When the reviewers single out your restaurant's name for criticism before they get to the food, it's time to rethink the marketing strategy.
From the lead paragraph of a Tables for Two review in the September 12 New Yorker:
Having dinner at SHO Shaun Hergatt is almost a painful experience. It’s not that the food is so bad (in fact, it’s very, very good), or that it’s extraordinarily expensive (three courses for sixty-nine dollars), but, rather, that every other aspect of the undertaking is fraught with awkwardness. First, there’s the name—better to pick another place than to have to mutter those clunky syllables on the phone to a date. ...
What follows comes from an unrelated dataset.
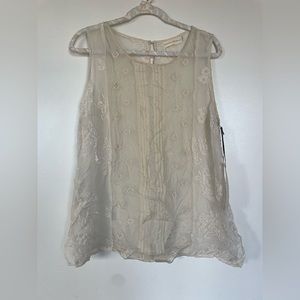 Johnny Way — 4 Love + Liberty Sheer Shell Tank Top (L)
New York Times restaurant critic Pete Wells was equally disparaging of the name in an August review:
SHO Shaun Hergatt is on the second floor of a condominium tower, but it’s hard to shake the feeling that a group of executives in some luxury hotel group’s headquarters dreamed up the whole enterprise, down to the un-mellifluous corporate name. Shaun Hergatt is the chef. It’s less clear who SHO is, or how he or she earned those capital letters.
Back in June, New York Journal, on online publication, provided some insights but awarded no stars for the name:
Then there’s the name. Shaun Hergatt is a fine chef, but he doesn’t have a New York footprint: his last outing here was as Gabriel Kreuther’s deputy at Atelier. The obscure Big O in “SHO” is the logo for the Setai, a $154 million, 166-unit condo conversion on Broad Street, just steps away from the stock exchange, where apartments are priced between $815,000 and $4,425,000.
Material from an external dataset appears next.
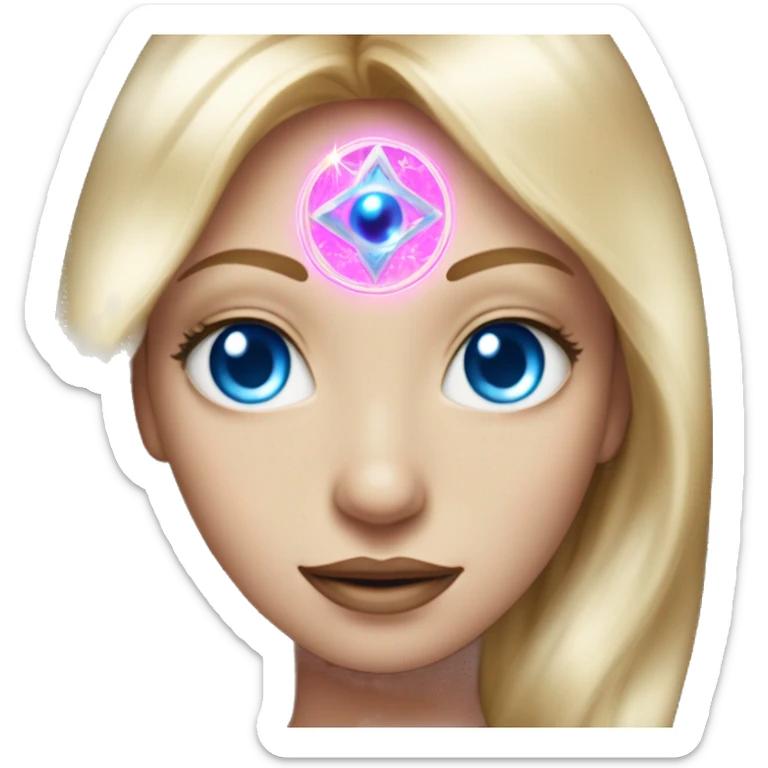 magical diva with thin pink andromedan face long blonde hair and blue eyes glowing third eye sticker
Emphasis added in all cases.
In general, naming a restaurant after its chef is a risky gambit. It's celebrity worship disguised as branding; it speaks volumes about the chef's ego and very little about the customer experience. And what happens when that chef decides to pack up his whisks and mandolines—as star chefs are wont to do—and move on?
The food at SHO Shaun Hargatt looks pretty, though.
After viewing the decor on the sites provided I wholeheartedly agree with Lauren and Wells. The atmosphere of the room should match the purpose of the room IMO. At SHO it seems one doesn't know whether to eat, sleep,bathe or die.
As far as the name goes, if the O were a plate of spaghetti or at least a wok with a tag line," It's SHO Time!" maybe it wouldn't be so bad.